:: What to produce ::
Write out, word for word, only the lines from the one with "KDY-N4722400 full diamond" to the end of the data below.

:: Input data ::
==================================================
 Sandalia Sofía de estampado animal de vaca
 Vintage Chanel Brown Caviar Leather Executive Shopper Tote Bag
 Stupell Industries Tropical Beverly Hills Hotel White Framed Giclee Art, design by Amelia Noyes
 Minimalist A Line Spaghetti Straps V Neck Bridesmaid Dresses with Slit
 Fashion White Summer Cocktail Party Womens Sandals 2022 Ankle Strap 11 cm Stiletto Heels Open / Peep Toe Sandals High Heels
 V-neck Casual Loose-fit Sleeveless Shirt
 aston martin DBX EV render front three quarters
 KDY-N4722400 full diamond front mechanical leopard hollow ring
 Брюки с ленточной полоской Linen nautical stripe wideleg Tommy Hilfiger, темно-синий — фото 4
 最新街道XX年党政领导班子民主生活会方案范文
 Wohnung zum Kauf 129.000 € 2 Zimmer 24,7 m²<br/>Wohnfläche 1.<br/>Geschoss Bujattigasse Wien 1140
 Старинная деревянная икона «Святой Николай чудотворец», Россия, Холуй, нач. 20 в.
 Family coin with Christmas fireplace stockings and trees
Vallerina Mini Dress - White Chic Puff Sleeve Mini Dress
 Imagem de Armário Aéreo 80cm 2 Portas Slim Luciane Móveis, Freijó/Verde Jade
==================================================
:: Answer space ::
 KDY-N4722400 full diamond front mechanical leopard hollow ring
 Брюки с ленточной полоской Linen nautical stripe wideleg Tommy Hilfiger, темно-синий — фото 4
 最新街道XX年党政领导班子民主生活会方案范文
 Wohnung zum Kauf 129.000 € 2 Zimmer 24,7 m²<br/>Wohnfläche 1.<br/>Geschoss Bujattigasse Wien 1140
 Старинная деревянная икона «Святой Николай чудотворец», Россия, Холуй, нач. 20 в.
 Family coin with Christmas fireplace stockings and trees
Vallerina Mini Dress - White Chic Puff Sleeve Mini Dress
 Imagem de Armário Aéreo 80cm 2 Portas Slim Luciane Móveis, Freijó/Verde Jade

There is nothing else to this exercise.